Re: fsid change of ZFS?

From: Rick Macklem <rmacklem_at_uoguelph.ca>
Date: Wed, 24 Aug 2011 09:36:37 -0400 (EDT)
Kostik Belousov wrote:
> On Wed, Aug 24, 2011 at 09:34:58PM +0900, Hiroki Sato wrote:
> > Kostik Belousov <kostikbel_at_gmail.com> wrote
> >   in <20110824082119.GJ17489_at_deviant.kiev.zoral.com.ua>:
> >
> > ko> On Tue, Aug 23, 2011 at 11:23:03PM +0200, Pawel Jakub Dawidek
> > wrote:
> > ko> > On Tue, Aug 23, 2011 at 04:11:20PM -0400, Rick Macklem wrote:
> > ko> > > Pawel Jakub Dawidek wrote:
> > ko> > > > On Tue, Aug 23, 2011 at 10:09:41AM -0400, Rick Macklem
> > wrote:
> > ko> > > > > Ok, I'll admit I wasn't very fond of a fixed table that
> > would
> > ko> > > > > inevitably
> > ko> > > > > get out of date someday, either.
> > ko> > > > >
> > ko> > > > > I didn't think hashing for the cases not in the table
> > was worth the
> > ko> > > > > effort,
> > ko> > > > > but doing a hash instead of a table seems reasonable.
> > ko> > > > >
> > ko> > > > > I see that ZFS only uses the low order 8 bits, so I'll
> > try and come
> > ko> > > > > up
> > ko> > > > > with an 8bit hash solution and will post a patch for
> > testing/review
> > ko> > > > > soon.
> > ko> > > > >
> > ko> > > > > I don't think the vfs_sysctl() is that great a concern,
> > given that
> > ko> > > > > it
> > ko> > > > > appears to be deprecated already anyhow. (With an 8bit
> > hash,
> > ko> > > > > vfs_typenum
> > ko> > > > > won't be that sparse.) I'll also make sure that whatever
> > hash I use
> > ko> > > > > doesn't collide for the current list of file names
> > (although I will
> > ko> > > > > include
> > ko> > > > > code that handles a collision in the patch).
> > ko> > > >
> > ko> > > > Sounds great. Thanks!
> > ko> > > >
> > ko> > > Here's the patch. (Hiroki could you please test this,
> > thanks, rick.)
> > ko> > > ps: If the white space gets trashed, the same patch is at:
> > ko> > > http://people.freebsd.org/~rmacklem/fsid.patch
> > ko> >
> > ko> > The patch is fine by me. Thanks, Rick!
> > ko>
> > ko> Sorry, I am late.
> > ko>
> > ko> It seems that the probability of the collisions for the hash is
> > quite high.
> > ko> Due to the fixup procedure, the resulting typenum will depend on
> > the order
> > ko> of the module initialization, isn't it ? IMO, it makes the patch
> > goal not
> > ko> met.
> >
> >  I tried the following two experiments (the complete results are
> >  attached) to confirm the probability:
> >
> >  1. [fsidhash1.txt]
> > 	well-known vfc_name and the names "[a-z]fs" (# of names is 36)

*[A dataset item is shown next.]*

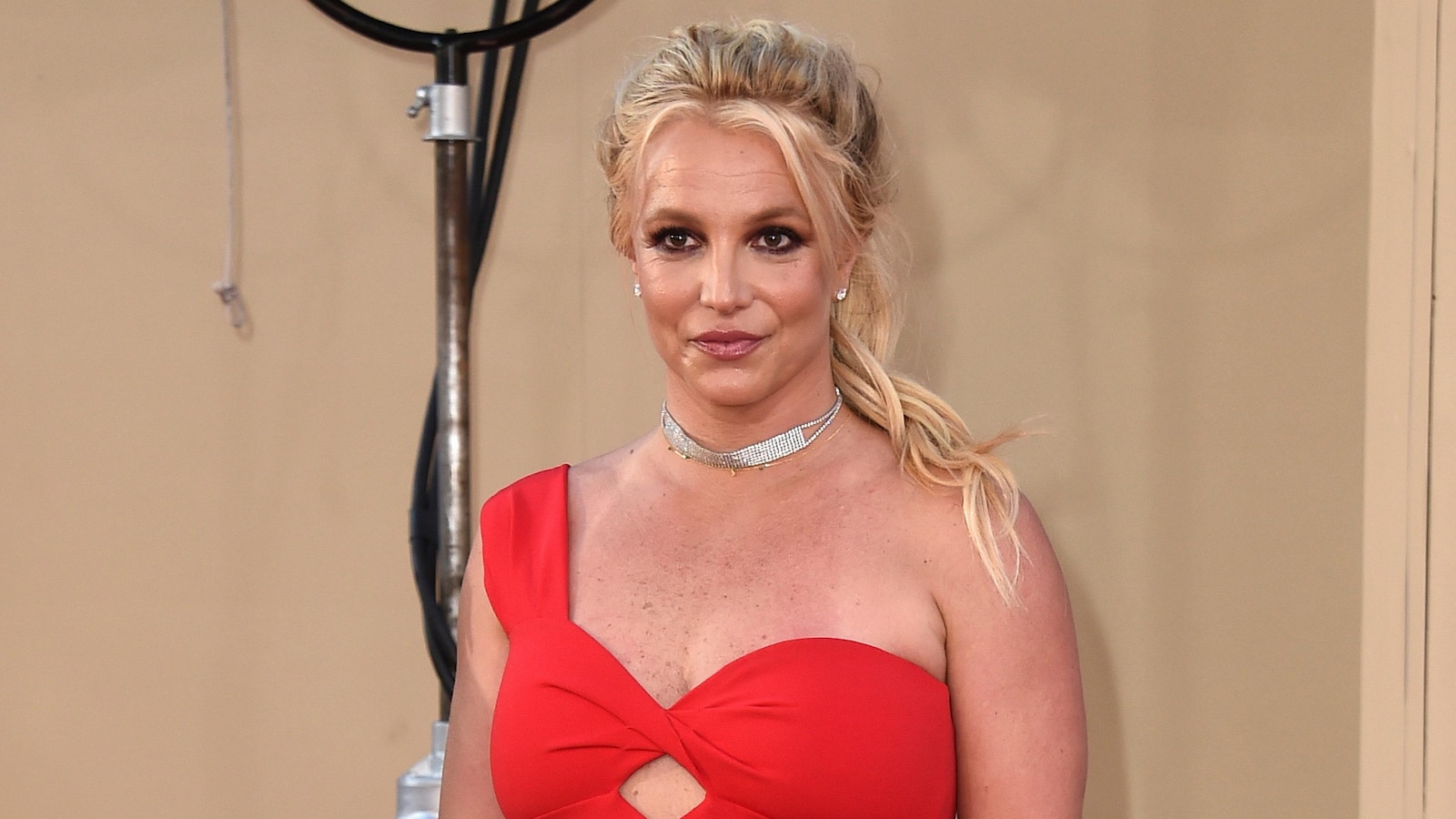 Britney Spears is set to be arraigned on a DUI charge. But she doesn’t have to appear in court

> > 	with no fix-up recalculation.
> >
> >  2. [fsidhash2.txt]
> > 	well-known vfc_name and the names "[a-z][a-z]fs" (# of names is
> > 	710)
> > 	with no fix-up recalculation.
> >
> >  There is no collision in the case 1. And when [a-z][a-z]fs are
> >  included the average number of the collided names in the same hash
> >  value is 4.43 (i.e. 160 different hash values are generated, the
> >  theoretical best number is (710 entries / 256 buckets) = 2.77).
> >
> >  At least, vfc_names we currently have in our kernel code have no
> >  collision, fortunately. As you noticed "[a-z][a-z]fs" is an
> >  impractical data set and these results cannot explain the
> >  characteristics for all possible and practical vfc_names, so
> >  whether
> >  this hash is reasonable or not depends on how we think of them.

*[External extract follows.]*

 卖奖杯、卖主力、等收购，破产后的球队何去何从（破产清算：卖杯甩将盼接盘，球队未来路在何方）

> >  Comments or other better idea?
> 
> Might be, add a new byte field to struct vfsconf, containing the
> suggested
> byte to be used by fsid. Divide the namespace into two half by the
> highest
> bit 7. Use the byte values with the highest bit clear for statically
> assignment for in-tree modules. Kernel will still check for the
> uniquiness
> on initialization.
> 
Well, doesn't this result in the same issue as the fixed table?
In other words, the developer has to supply the "suggested byte" for
fsid and make sure that it doesn't conflict with other "suggested byte"

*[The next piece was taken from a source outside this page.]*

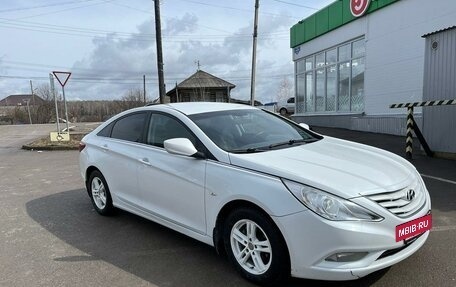 Hyundai Sonata VI, 2011 год, 800 000 рублей, 2 фотография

values or suffer the same consequence as forgetting to update the fixed
table. (ie. It just puts the fixed value in a different place, from what
I see, for in-tree modules. Also, with a fixed table, they are all in
one place, so it's easy to choose a non-colliding value?)

> Reserve the value '0' to mean that kernel must assign the next unused
> value >= 128. This is done to support out-of-tree modules.
> 
> Might be, also reserve the value 0 to mean 'kernel
> Main drawback is that is sounds complicated.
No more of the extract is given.